* [To do]:
From the line containing "2 CoastAir CMW051A" down to the line containing "Refrigerated Truck-Light and", copy out the entries below exactly, both lines included, and nothing else; pictures do not belong in the copy.
[Available records — start]
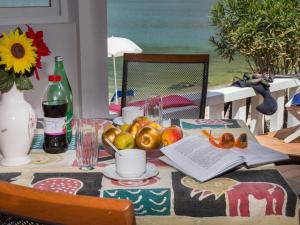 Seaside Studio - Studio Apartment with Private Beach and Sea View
[Available records — finish]
[Available records — start]
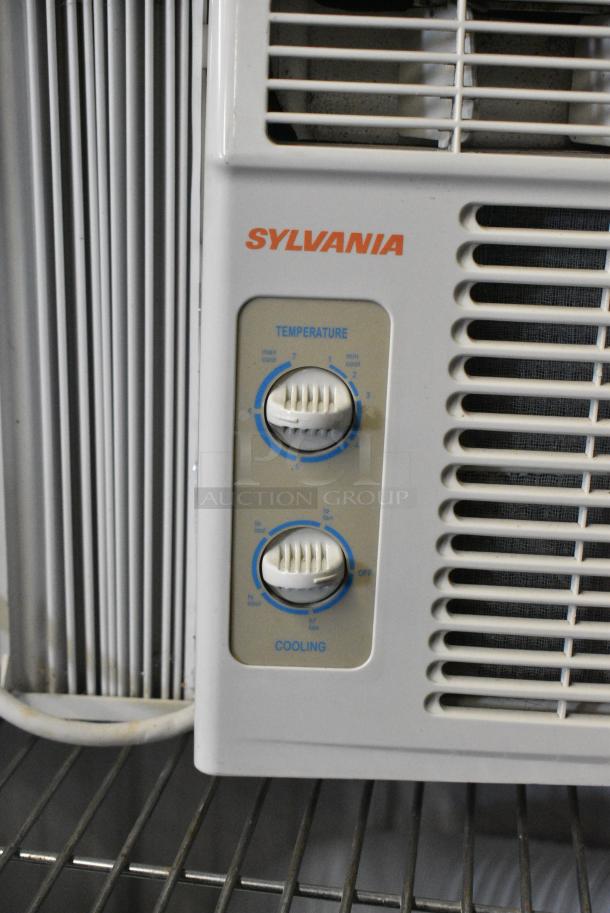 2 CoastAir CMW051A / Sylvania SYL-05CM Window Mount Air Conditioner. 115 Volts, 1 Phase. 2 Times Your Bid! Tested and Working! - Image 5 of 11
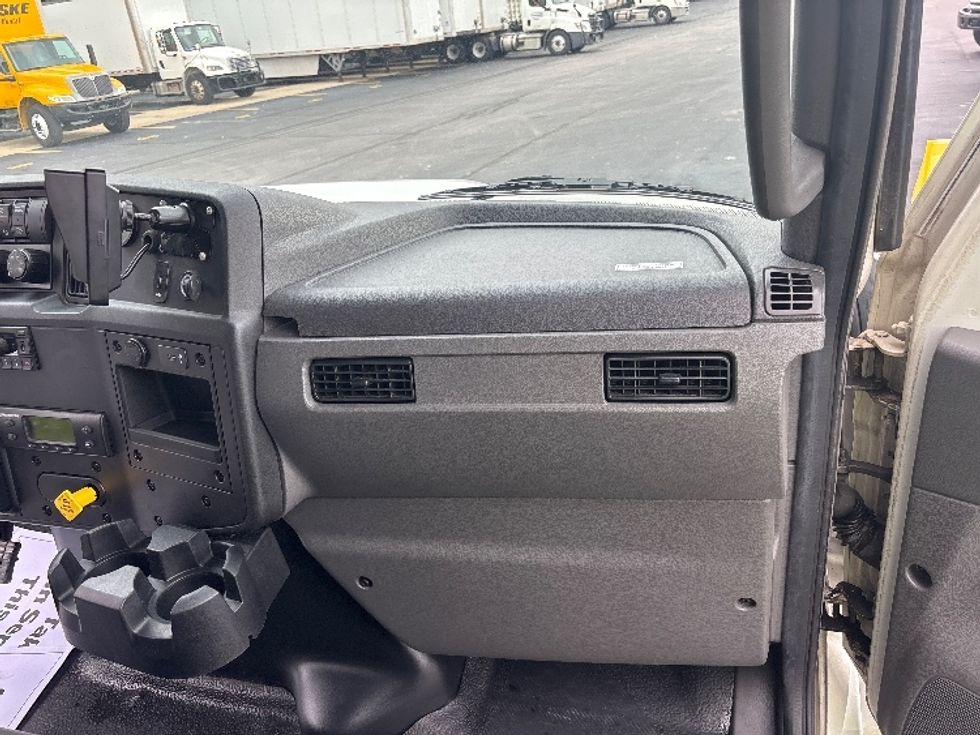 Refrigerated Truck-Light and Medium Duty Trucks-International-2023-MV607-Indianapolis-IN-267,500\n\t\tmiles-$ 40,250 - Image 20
[Available records — finish]
* [Response for this exercise]:
 2 CoastAir CMW051A / Sylvania SYL-05CM Window Mount Air Conditioner. 115 Volts, 1 Phase. 2 Times Your Bid! Tested and Working! - Image 5 of 11
 Refrigerated Truck-Light and Medium Duty Trucks-International-2023-MV607-Indianapolis-IN-267,500\n\t\tmiles-$ 40,250 - Image 20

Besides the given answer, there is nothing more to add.